This code was taken from Here. There it was mentioned that
Since the state of the network is held in the graph and not in the
layers, you can simply create an nn.Linear and reuse it over and over
again for the recurrence.
What i don’t understand is, how can one just increase input feature size in nn.Linear and say it is a RNN. Am i missing something here.
I don’t use much RNNs.
But that depends a lot on what you want to do.
If you’re looking for standard stuff, there are modules that exist that do many to many mapping or many to one mapping and stuff. You can find them here in the doc.

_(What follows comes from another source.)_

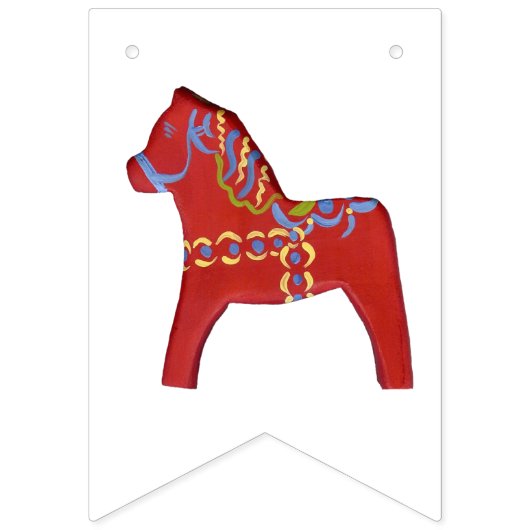 Dala Horse Party Bunting Vlaggetjes (Eerste vlag)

This implementation is useful if you want to do something less common and you need to control how each step of the RNN is done. Possibly changing the hidden between iterations and filtering which outputs you want to return.
i just looked up and saw that torch.cat combines multiple tensor’s. so, in the code, combined = torch.cat((input, hidden), 1)
this means that the combined is input and hidden layer’s combined right. so, self.i2h is from input to hidden layer and self.i2o is the output of combined to the next layer? so, in a way, he made a single tensor for the all the time steps. Is my understanding correct?
Well this is how an rnn works: you combine the current input with the previous step’s hidden state to get on one hand the output of this step and the new hidden state.
Here to do so, the input and the previous layer hidden state are combined together into a single tensor. And then a linear layer is used to get the output and another to get the new state.